- **THE PROBLEM**: Exactly the lines below, starting with the one containing "Zara Beige Elastic" and going on through the one containing "Women Regular Fit", must be reproduced, both ends included, and no pictures with them.

- **RAW DATA**:
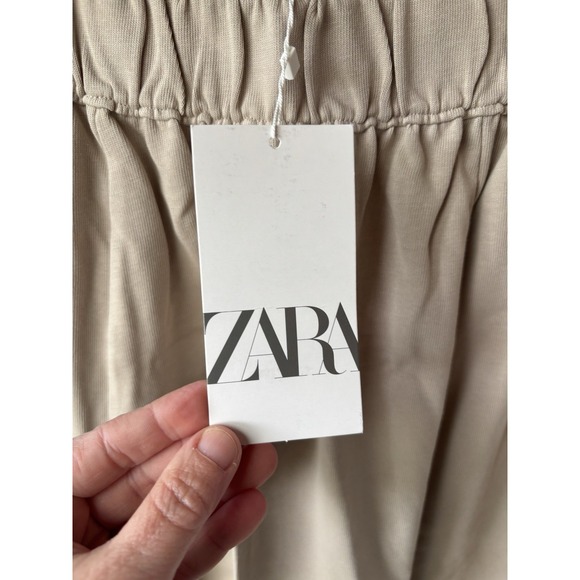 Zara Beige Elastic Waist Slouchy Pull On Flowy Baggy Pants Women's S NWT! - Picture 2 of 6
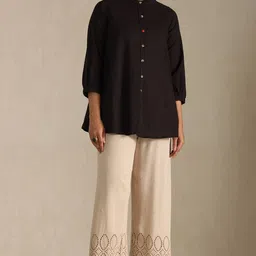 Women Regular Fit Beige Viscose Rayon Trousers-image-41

==

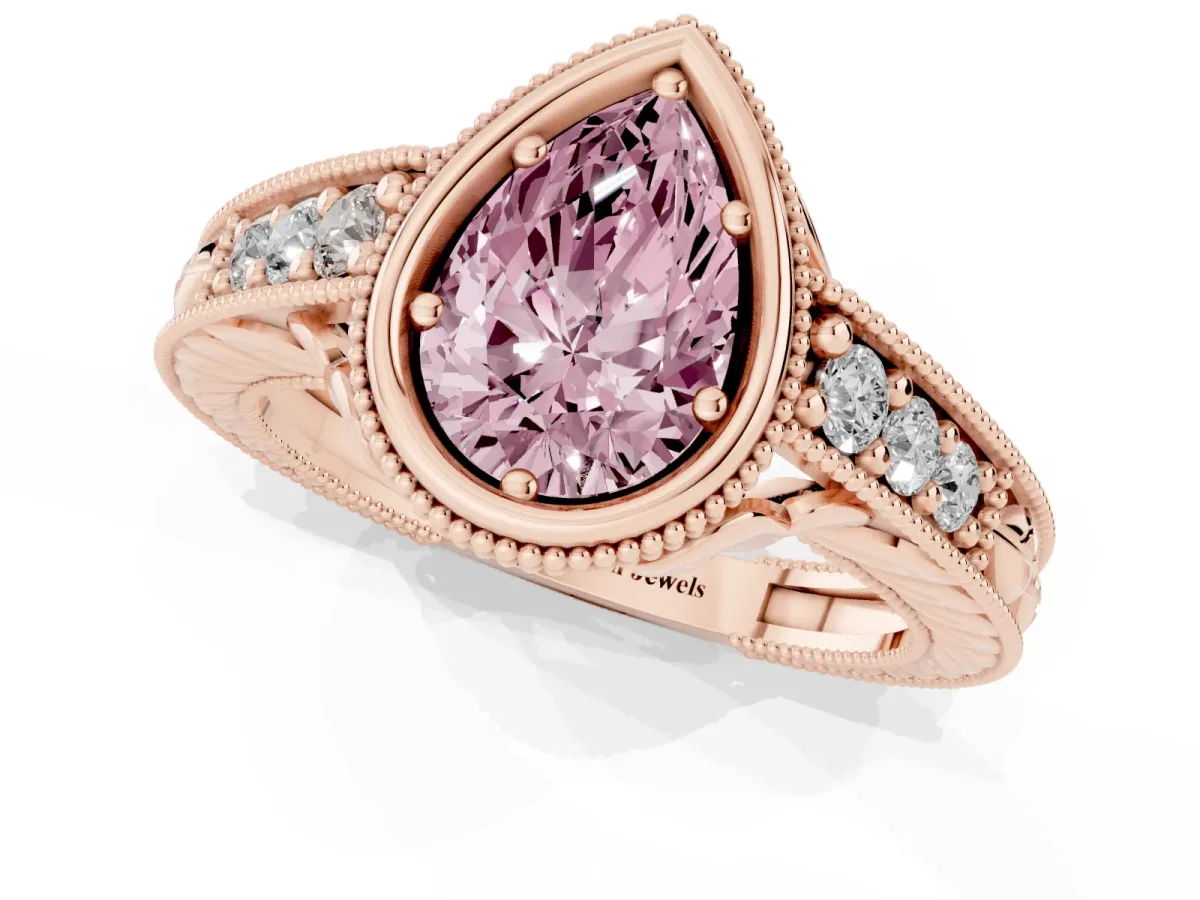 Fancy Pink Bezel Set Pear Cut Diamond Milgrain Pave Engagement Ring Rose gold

- **EXERCISE ANSWER**:
 Zara Beige Elastic Waist Slouchy Pull On Flowy Baggy Pants Women's S NWT! - Picture 2 of 6
 Women Regular Fit Beige Viscose Rayon Trousers-image-41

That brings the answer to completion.